A Vozinha era a mãe ou a avó da avó do menino. Contadas as idades, a senhora pequenina, rosada e de cabelos muito brancos bem podia ser trisavó: o menino tinha quase sete e nascera três anos após o casamento da mãe, aos vinte, quando a avó andava pelos trinta e cinco, a bisavó pelos cinquenta, e a trisavó ainda não chegara aos setenta.
A Vozinha viera de Viçosa, consultar um médico. E manteve-se, durante toda a estada, ocupadíssima, a fazer biscoitos de araruta, no forno que se comprimia contra a quina do muro, no fundo do quintal. A mãe comprou lenha, para alimentá-lo. Punha-se fogo no interior da abóbada de barro e fechava-se a abertura que lhe servia de porta. Quando a madeira se desmanchava em cinza e brasa, a Vozinha, ajudada pela cozinheira ou por uma das amas, trazia dois ou três tabuleiros de folha de flandres e os colocava, um sobre o outro, no forno. Os biscoitos, alvíssimos, com lanhos fundos no dorso, eram de doçura extrema e pareciam inconsistentes na boca. Encheram todas as latas da casa, e as latas da casa da avó e das casas de tios, primos e amigos, que não chegavam para tanto açúcar e araruta.
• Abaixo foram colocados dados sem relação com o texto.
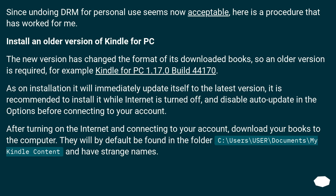Since undoing DRM for personal use seems now acceptable, here is a procedure that has worked for me. Install an older version of Kindle for PC — the new version has changed the format of its downloaded books, so an older version is required, for example Kindle for PC 1.17.0 build 44170. As on installation it will immediately update itself, it is recommended to install it while internet is turned off, and disable auto update in the options before connecting to your account.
A mãe nunca havia usado o forno. Este, após a partida da Vozinha, deve ter conservado um calor que atraiu a cascavel, enorme, com guizo de doze anéis e cabeça escamada, os olhos quase colados aos dentes em espinho. O mata-mosquito descobriu-a pelo chocalho, enrodilhada no mais escuro. De lá arrancou-a com uma forquilha, viva, e, viva, a pôs numa caixa, para que de seu veneno — explicou ao menino — se pudesse fabricar o soro antiofídico.
Mal o mata-mosquito saía porta afora, o dólmã de seu uniforme amarelo bem fechado ao pescoço, entravam os homens que a mãe chamara, para demolir o ninho de cobras.